Problem to work on - Quote the lines below from the one containing "top view. 124297353" to the final line, both ends included; exclude the pictures.

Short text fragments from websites
______
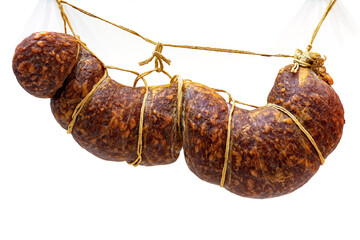 Traditional smoked sausage hanging on ropes on white background.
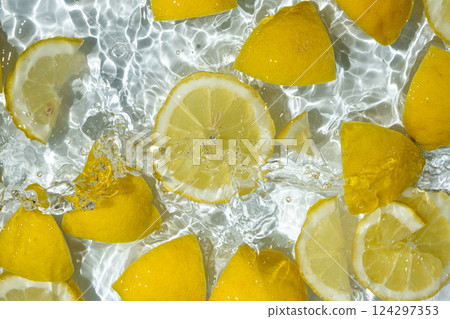 Slices of fresh lemons in water, splash of water, top view. Slices of fresh lemons in water, splash of water, top view. 124297353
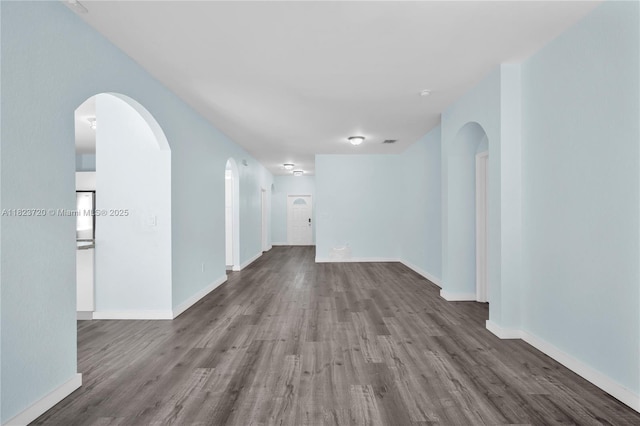 15452 SW 138th Ter, Miami, FL 33196 - empty room featuring wood finished floors and arched walkways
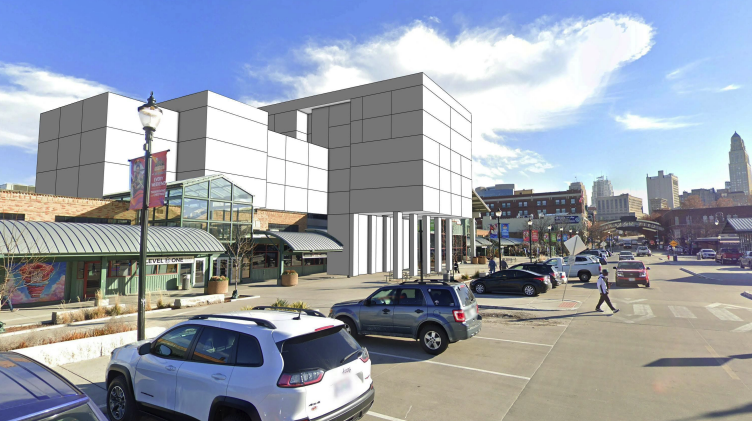 Rendering shows the east side of the City Market from Walnut Street including current ground-level retail and a white and gray shaded rendering of a blocky structure in place of the current steamboat museum, with cars parked in the foreground and the city skyline in the background.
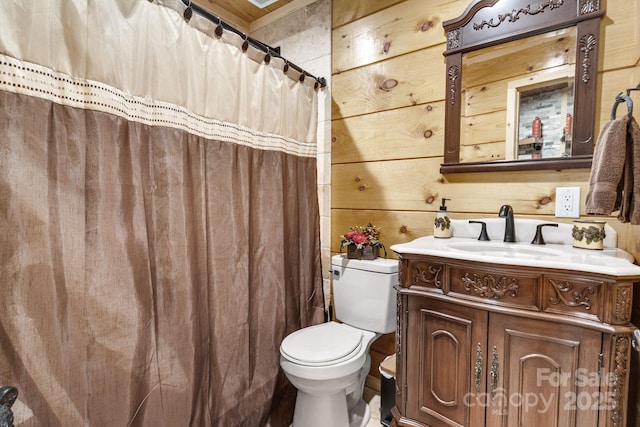 bathroom featuring a shower with shower curtain, wooden walls, toilet, and vanity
______
Response below -
 Slices of fresh lemons in water, splash of water, top view. Slices of fresh lemons in water, splash of water, top view. 124297353
 15452 SW 138th Ter, Miami, FL 33196 - empty room featuring wood finished floors and arched walkways
 Rendering shows the east side of the City Market from Walnut Street including current ground-level retail and a white and gray shaded rendering of a blocky structure in place of the current steamboat museum, with cars parked in the foreground and the city skyline in the background.
 bathroom featuring a shower with shower curtain, wooden walls, toilet, and vanity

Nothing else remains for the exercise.